Using MasterControl on Kubernetes
On Kubernetes,
we should execute MasterControl inside the HiveServer2 Pod
(where env.sh
is already mounted and the environment variable CLIENT_TO_AM_TOKEN_KEY
is already set).
The first step is to obtain the ApplicationID from the log file for HiveServer2 (outside Kubernetes).
In the following example, we get the name of the HiveServer2 Pod, use it as an argument to kubectl logs
, and obtain the ApplicationID application_2407_0000
.
kubectl get pods -n hivemr3 | grep hiveserver2
hiveserver2-595f4c56c4-rxbgx 1/1 Running 0 4m39s
kubectl logs -n hivemr3 hiveserver2-595f4c56c4-rxbgx | grep ApplicationID
2025-04-06T08:03:31,266 INFO [main] client.MR3Client$: Starting DAGAppMaster with ApplicationID application_9348_0000 in session mode
Next check if the environment variable CLIENT_TO_AM_TOKEN_KEY
is already set inside the HiveServer2 Pod.
kubectl exec -it -n hivemr3 hiveserver2-595f4c56c4-rxbgx -- /bin/bash -c 'export PS1="$ "; exec /bin/bash'
printenv | grep CLIENT_TO_AM_TOKEN_KEY
CLIENT_TO_AM_TOKEN_KEY=b93f7b72-bad3-4259-9040-fe57fb339050
Now the user can execute master-control.sh
using the ApplicationID.
./master-control.sh
Usage:
getDags <AppID> : Get all running/finished DAGs
getRunningDags <AppID> : Get all running DAGs
killDag <AppId> <DAGID> : Send a request to kill a DAG
ackDagFinished <AppID> <DAGID> : Acknowledge the completion of a DAG
stopContainerWorkers <AppID> : Gracefully stop all running ContainerWorkers
closeDagAppMaster <AppID> : Gracefully stop DAGAppMaster
updateResourceLimit <AppID> <Max memory in GB> <Max CPU cores> : Update the resource limit
updateAutoScaling <AppID> <autoScaleOutThresholdPercent> <autoScaleInThresholdPercent> <autoScaleInMinHosts> <autoScaleOutNumInitialContainers> : Update autoscaling parameters
./master-control.sh getDags application_9348_0000
...
Lists of running/finished DAGs in application_9348_0000:
Lists of running/finished DAGs in application_9348_0000:
dag_9348_0000_5 tpcds-query12
./master-control.sh killDag application_9348_0000 dag_9348_0000_5
Sent a request to kill DAG dag_9348_0000_5.
On Kubernetes, the user can use the command updateResourceLimit
to update (either increase or decrease) the limit on the total resources for all ContainerWorker Pods.

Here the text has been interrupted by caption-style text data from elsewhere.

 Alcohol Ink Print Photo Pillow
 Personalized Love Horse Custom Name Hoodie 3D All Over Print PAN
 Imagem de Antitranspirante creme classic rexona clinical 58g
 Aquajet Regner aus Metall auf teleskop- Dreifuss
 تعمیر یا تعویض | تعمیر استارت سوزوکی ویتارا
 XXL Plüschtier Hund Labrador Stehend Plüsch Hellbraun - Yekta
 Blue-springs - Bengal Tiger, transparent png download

This command overrides the settings for
the configuration keys mr3.k8s.worker.total.max.memory.gb
and mr3.k8s.worker.total.max.cpu.cores
in mr3-site.xml
.
If current ContainerWorker Pods consume more resources than the new limit,
MR3 returns excess resources by stopping young ContainerWorker Pods.

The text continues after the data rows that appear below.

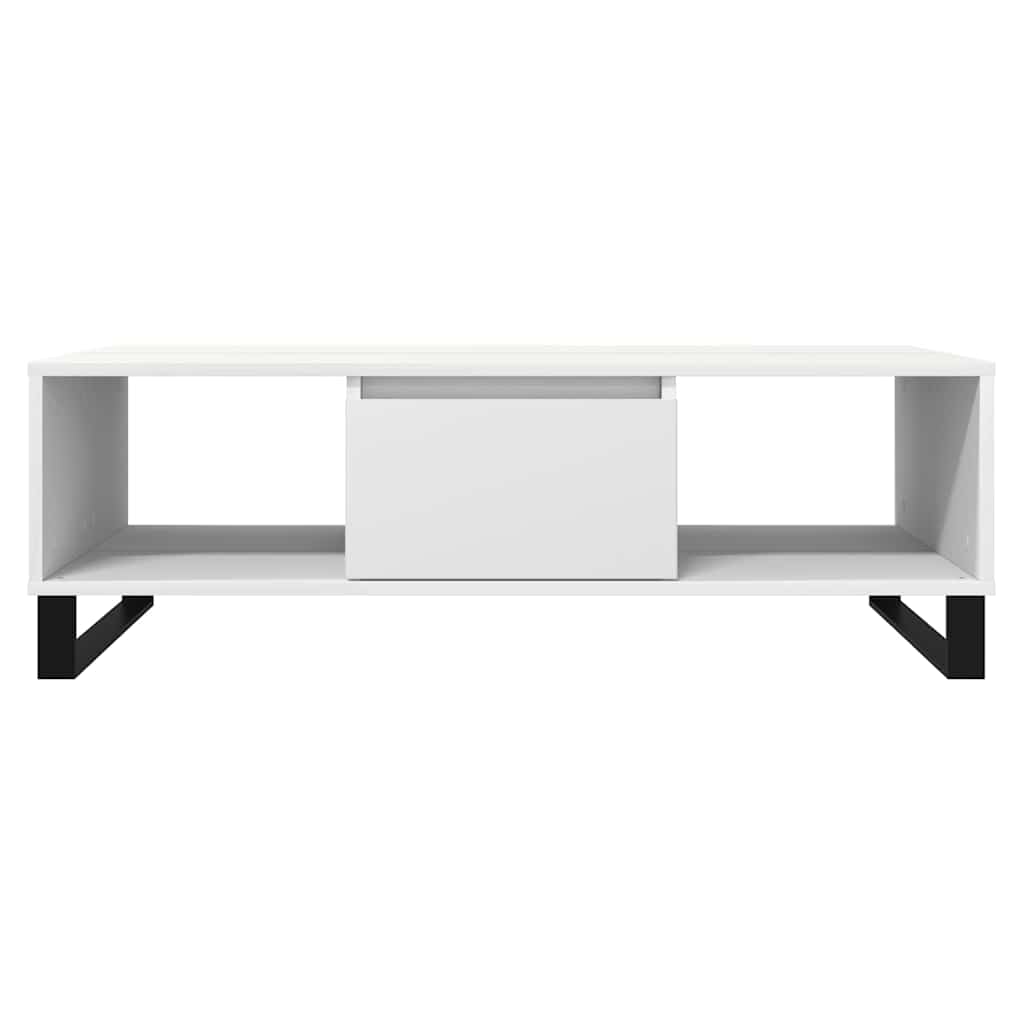 vidaXL Coffee Table White 104x60x35 cm Engineered Wood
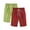 Green, variant on Cowsor Girl's Knee-Length Bermuda Casual Shorts with Elastic Waist Drawstring 2PC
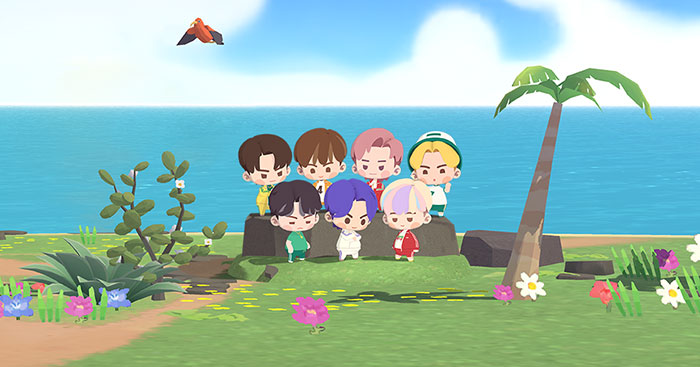 BTS, BTS Island In The SEOM, lượng người chơi In the SEOM, đánh giá game BTS, Rate In the SEOM, Jin, Jimin, J-Hope, Jungkook, RM, Suga, V BTS, Jungkook mê game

In order not to disrupt the execution of active DAGs,
MR3 gracefully stops these ContainerWorker Pods which continue to run normally until all active DAGs completed.
./master-control.sh updateResourceLimit application_9348_0000 128 32
...
Sent a request to update the resource limit for application_9348_0000: 128 32
On Kubernetes, the user can use the command updateAutoScaling
to update the configuration for autoscaling.

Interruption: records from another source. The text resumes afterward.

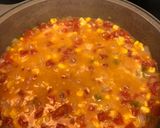 A picture of step 2 of Chicken Cornbread Bake.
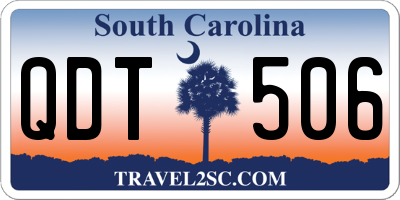 SC license plate QDT506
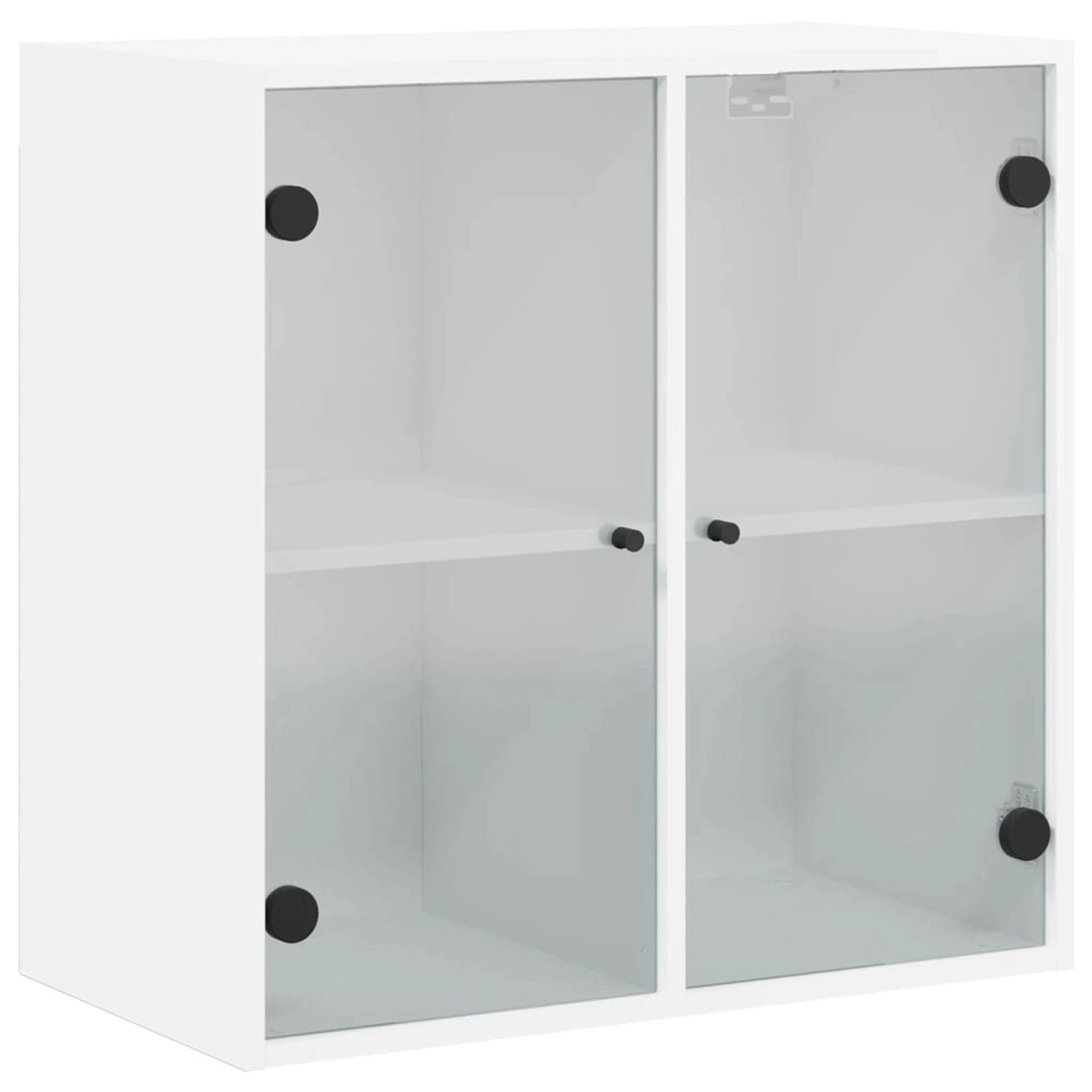 vidaXL Wandschrank mit Glastüren Weiß 68x37x68,5 cm günstig online kaufen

autoScaleOutThresholdPercent
specifies ScaleOutThreshold =mr3.auto.scale.out.threshold.percent
.autoScaleInThresholdPercent
specifies ScaleInThreshold =mr3.auto.scale.in.threshold.percent
.autoScaleInMinHosts
specifies AutoScaleInMinHosts =mr3.auto.scale.in.min.hosts
.autoScaleOutNumInitialContainers
specifiesmr3.auto.scale.out.num.initial.containers
.
Rerunning Beeline
When running Hive on MR3,
a Beeline connection fails to execute queries with the following error
if the user has executed the command closeDagAppMaster
and
the current DAGAppMaster is gracefully stopping itself.
Caused by: org.apache.hadoop.ipc.RemoteException(com.datamonad.mr3.api.common.MR3Exception): DAGAppMaster.gracefulShutdown() already called and cannot take a new DAG
This is normal behavior because DAGAppMaster refuses to take new DAGs if it is gracefully stopping itself. As the same Beeline connection cannot execute any more queries, just restarting Beeline solves the problem.